In many studies young age is considered to be a risk factor for penicillin-resistant infection (20-24) or colonization (25) for reasons that are not clear. This may reflect the high prevalence of antimicrobial use among young children, especially those in day care or in other situations of extended contact with other children (26). On the other hand, age has been considered to be an independent risk factor in multivariate analyses (20,27). The previous use of antimicrobial drugs has been the factor most frequently associated with nonsusceptibility (18,20-22,25,27-32). In our study reliable data on previous antimicrobial use were not available for most patients and could not be properly evaluated. However, one of the problems met when analyzing the use of antimicrobials as a factor associated with resistance is using a design such as the one used in the present study. If patients with susceptible and nonsusceptible pneumococcus are compared this may lead to a selection bias because patients with previous antimicrobial use probably will not have susceptible isolates or may not have pneumococci at all. When these groups are compared the non-use of antimicrobials may be associated with having a susceptible isolate and not an association of resistance with antimicrobial use, as suggested in the literature. It has been suggested that to evaluate the role of antimicrobial use in resistance, cases with resistant isolates should be compared with controls from the same population not chosen for presenting susceptible strains (33). We feel that the design used in our study may not be suited to evaluating the impact of antimicrobial use on resistance.

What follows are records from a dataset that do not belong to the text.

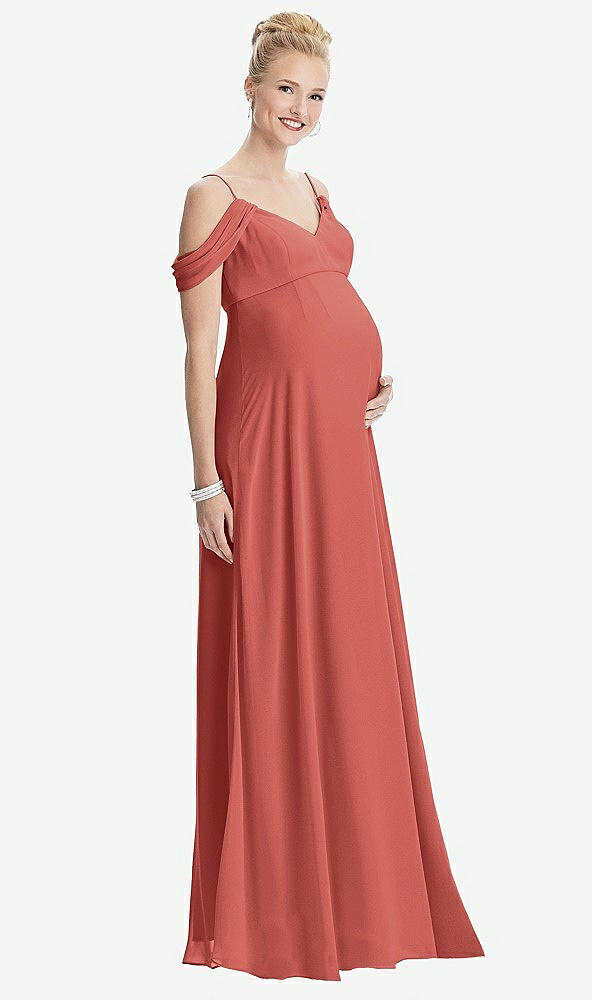 【STYLE: M442】Draped Cold-Shoulder Chiffon Maternity Dress【COLOR: Coral Pink】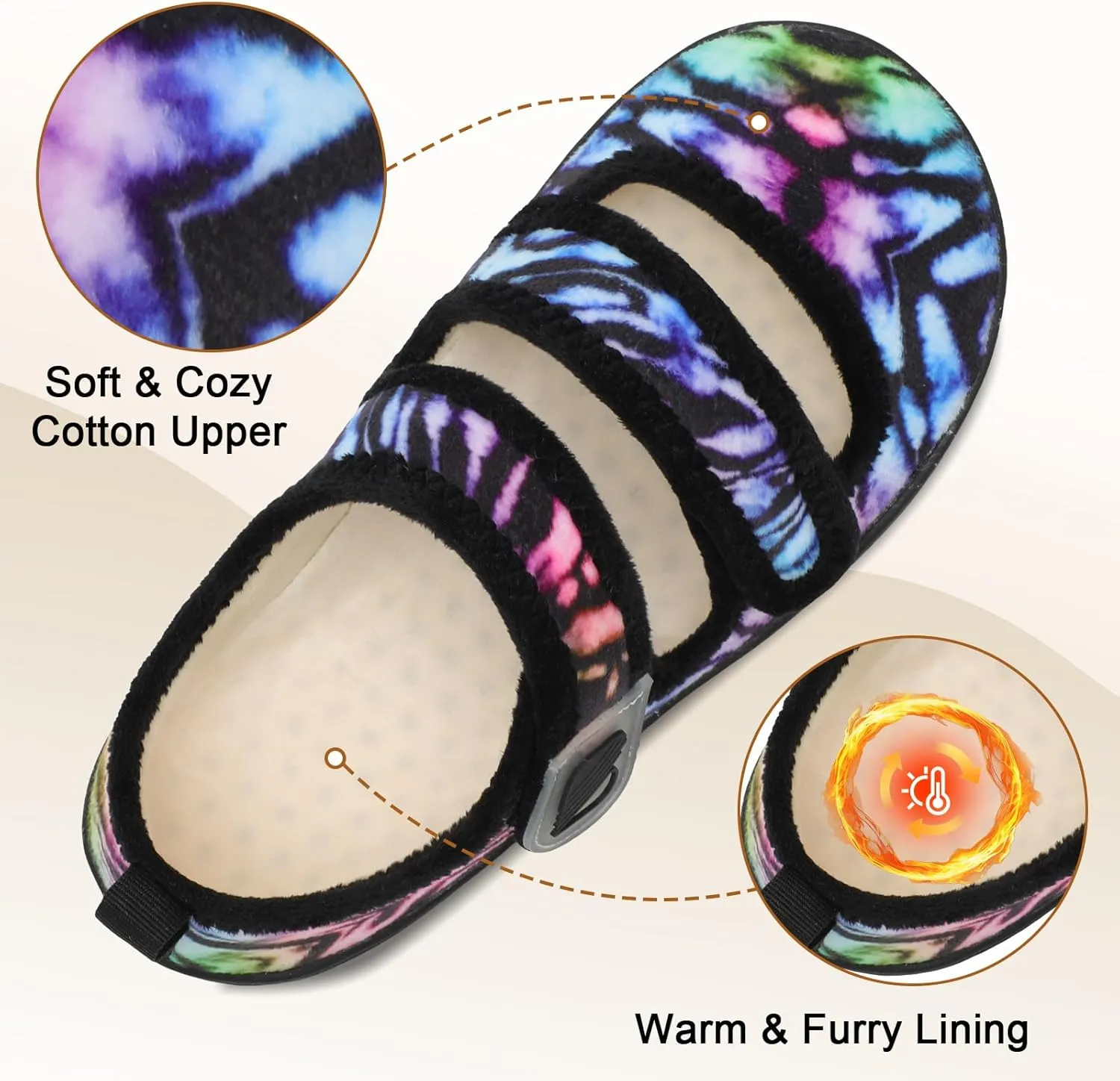 Besroad Womens Slippers Wide House Shoes Adjustable Fuzzy Diabetic Shoes Arthritis Edema Swollen Bedroom Slippers Indoor Outdoor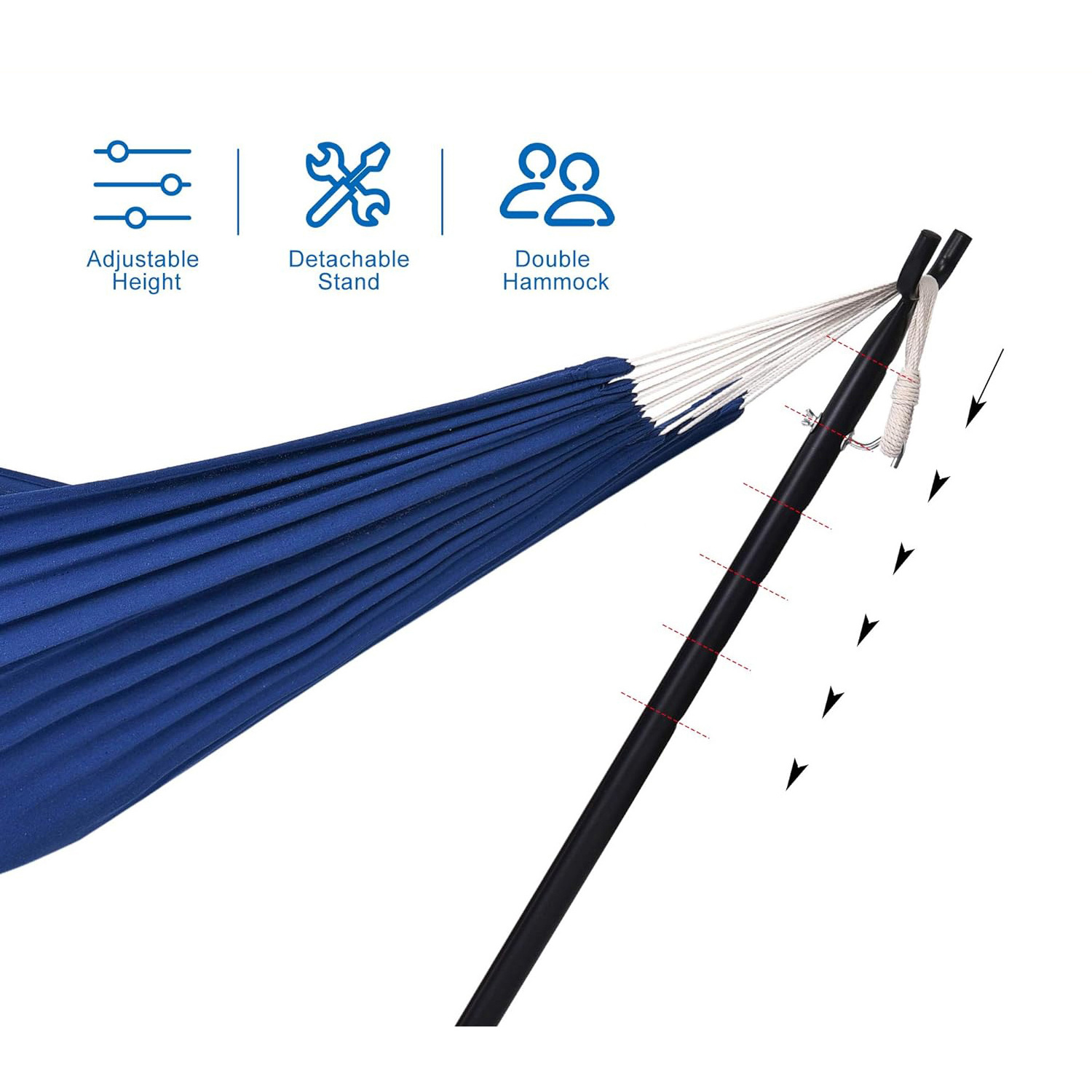 Garden Backyard Cotton Canvas Space-Saving Hammock With Iron Steel Stand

The finding that bacteremia was significantly more frequent among penicillin-susceptible S. pneumoniae infections is interesting and not easily explained. There have been studies with similar results in which invasive or severe infections have been associated with susceptibility to penicillin (20,25,34), suggesting that nonsusceptibility leads to less virulent strains. On the other hand, there has been an association between nonsusceptibility to penicillin and immune suppression (21,22), HIV infection (20), severe underlying disease or conditions (21), and, in our study, renal failure. The significance of this is unknown but may also be related to the possible inability of resistant strains to cause severe infections in immunocompetent patients. The mechanisms for this remain obscure and deserve further investigation.

Nosocomial infection and colonization by penicillin-resistant S. pneumoniae have been reported (35). Previous hospitalization is considered to be a risk factor in some studies (18,24,34). In our study the infections were community acquired. Renal failure was significantly associated with resistance even though it was a relatively rare event occurring in only 8 patients. We did not find evidence that these patients had previous hospitalizations which might explain resistance. Renal failure is a known risk factor for pneumococcal disease and is considered to be an independent prognostic factor for mortality (36) but, to our knowledge, an association of renal failure with resistance has not been described before. Further studies will be needed to confirm this finding.

Address for correspondence: A.S. Levin, Rua Harmonia, 564/52, 05435-000 São Paulo, SP, Brasil. Fax: +55-11-3088-7095. E-mail: gcih@hcnet.usp.br

Publication supported by FAPESP. Received April 5, 2002. Accepted January 31, 2003.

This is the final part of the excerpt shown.